This bill seeks to make amendments to the Migration Act 1958 insofar as introducing a new criminal and civil penalty structure as punitive means to outlaw the practice whereby sponsors seek payment in return for effective sponsorship of persons seeking employment in Australia. The amendments in this bill will have a broad application across temporary and permanent work visa programs, including the much-publicised 457 visa.
In March of this year the coalition government released its response to the independent review into integrity in the subclass 457 visa program, also known as the Subclass 457 Integrity Review. This review was commissioned by this government upon coming into office in response to much confusion surrounding the practices of 457 visas. This bill refers specifically to one particular recommendation of the review into the 457 visa program—that is, recommending that the practice of payments to sponsors of visa applicants be made illegal.
The Visa subclass 457 integrity review report, released on 10 September 2014, also recommended that payment for a migration outcome be reinforced through a penalty-and-conviction framework. The government supports and accepts this recommendation, which now forms the central component of this bill. This bill extends the implementation of this recommendation to other temporary and permanent work visas, thus not only the 457 visa is affected. In total, the bill covers five temporary sponsored work visas and two skilled permanent employer-sponsored visas. This broad application is a result of the 457 review panel recommending that any sponsored work visa was at risk of charging for a migration outcome.
Currently, the Department of Immigration and Border Protection, upon receiving allegations regarding persons offering or receiving money for an outcome, may conduct an investigation. However, at present no penalties exist to deter this conduct—this practice is not currently unlawful. This conduct does, however, risk undermining Australia's migration program through persons and organisations offering or receiving a monetary inducement for a migration outcome.

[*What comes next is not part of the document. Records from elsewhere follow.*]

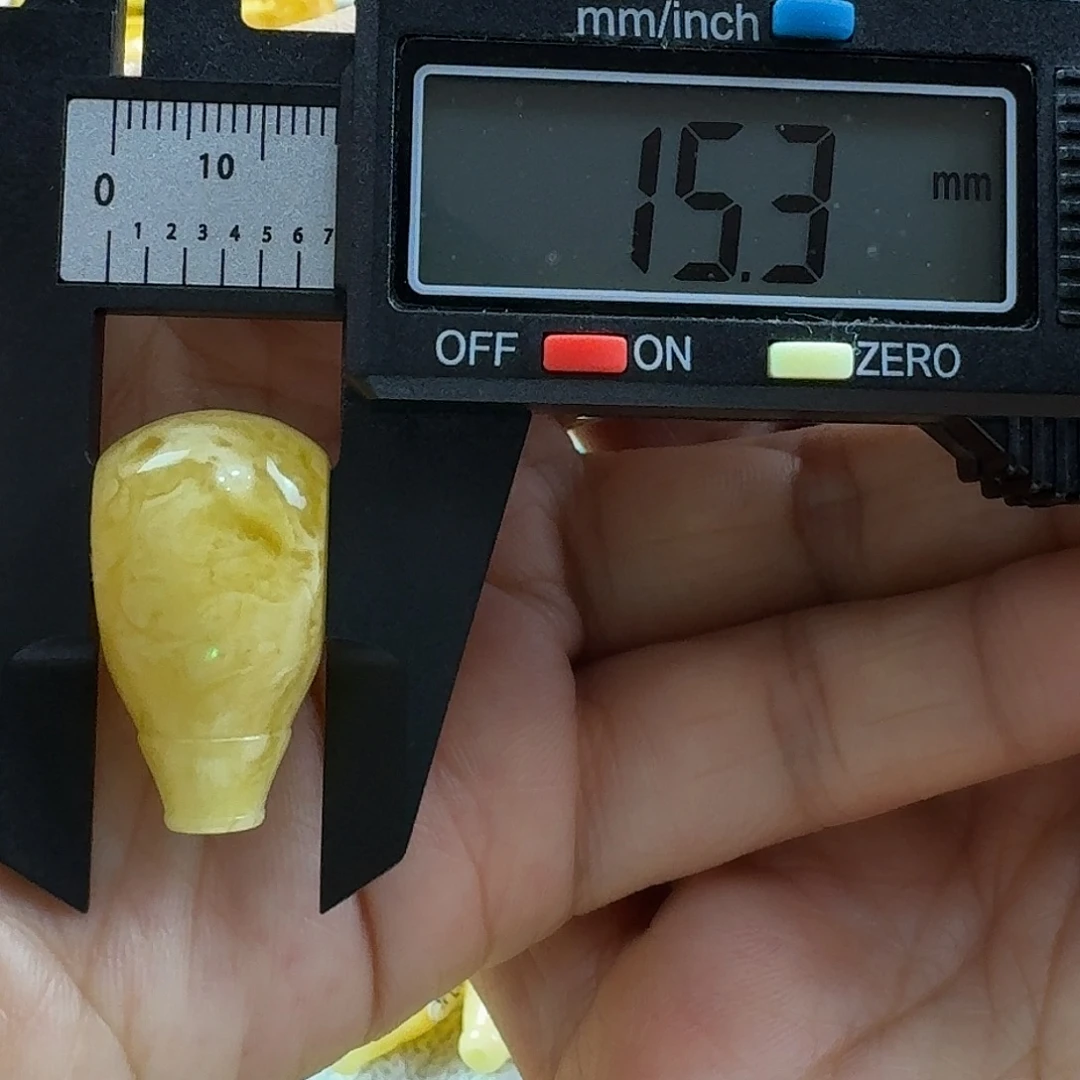蜜蜡未镶嵌裸石45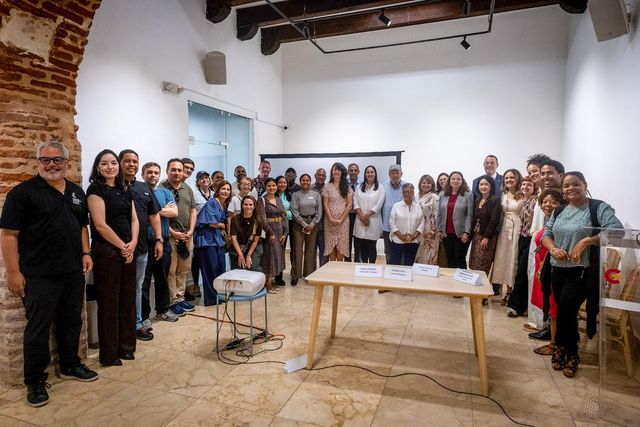 Foto de grupo de los asistentes en el salón de la presentación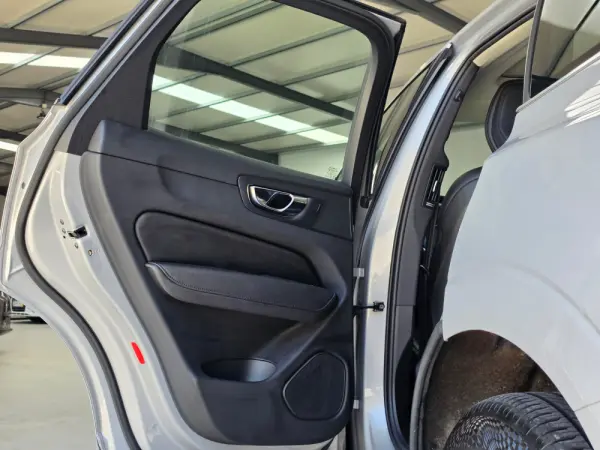 Volvo XC 60 2.0 T6 PHEV Inscription AWD 35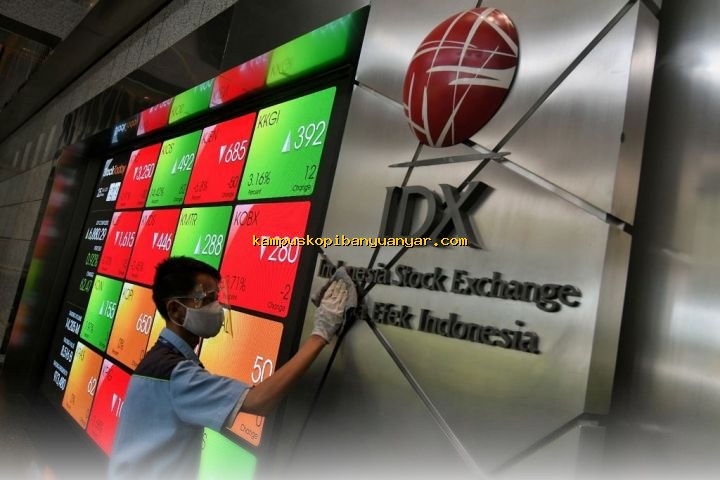 IHSG Melesat 77 Poin ke 8.349 di Awal Pekan Ini!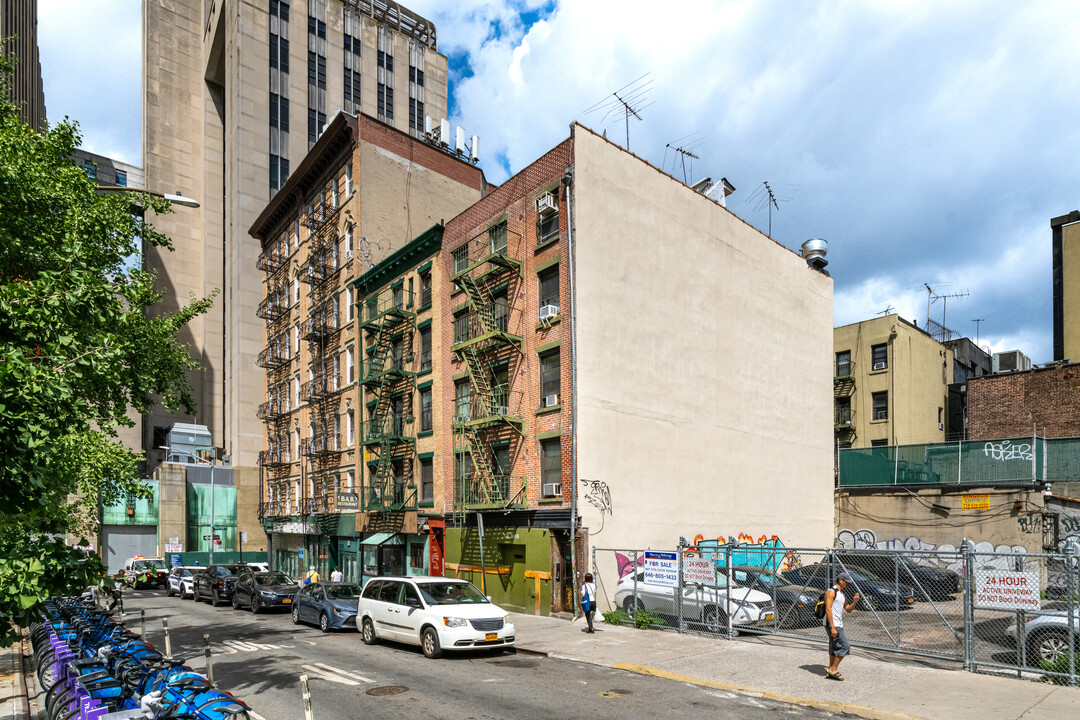 102 Bayard St in New York, NY - Building Photo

The payments-for-visas activity and charging for an outcome is unacceptable. Unfortunately, in my electorate of Dobell many restaurant and cafe operators have received cold calls from persons seeking to sign the business owner up to sponsoring a person seeking work in Australia. In the cases I have been advised of, the tout advises that they have individuals from India seeking to come to Australia to work as chefs or kitchenhands, and if a positive migration outcome is received the tout receives payment of up to $5,000 for each individual placed with an Australian employer.
Now, $5,000 per positive migration outcome is a significant amount for the tout. The migration agency who the tout is engaged by also receives their cut of the total payment received. However, under the current legislation such financial gain is permissible for sponsors and third parties who charge for an outcome. This practice is preying on people's desperation and, sadly, it has the ability to cause extensive negative repercussions for Australian wages and conditions. Unfortunately, the people who are often charged payment to obtain employment with an Australian employer are the most vulnerable, seeking to become new citizens trying to do the right thing.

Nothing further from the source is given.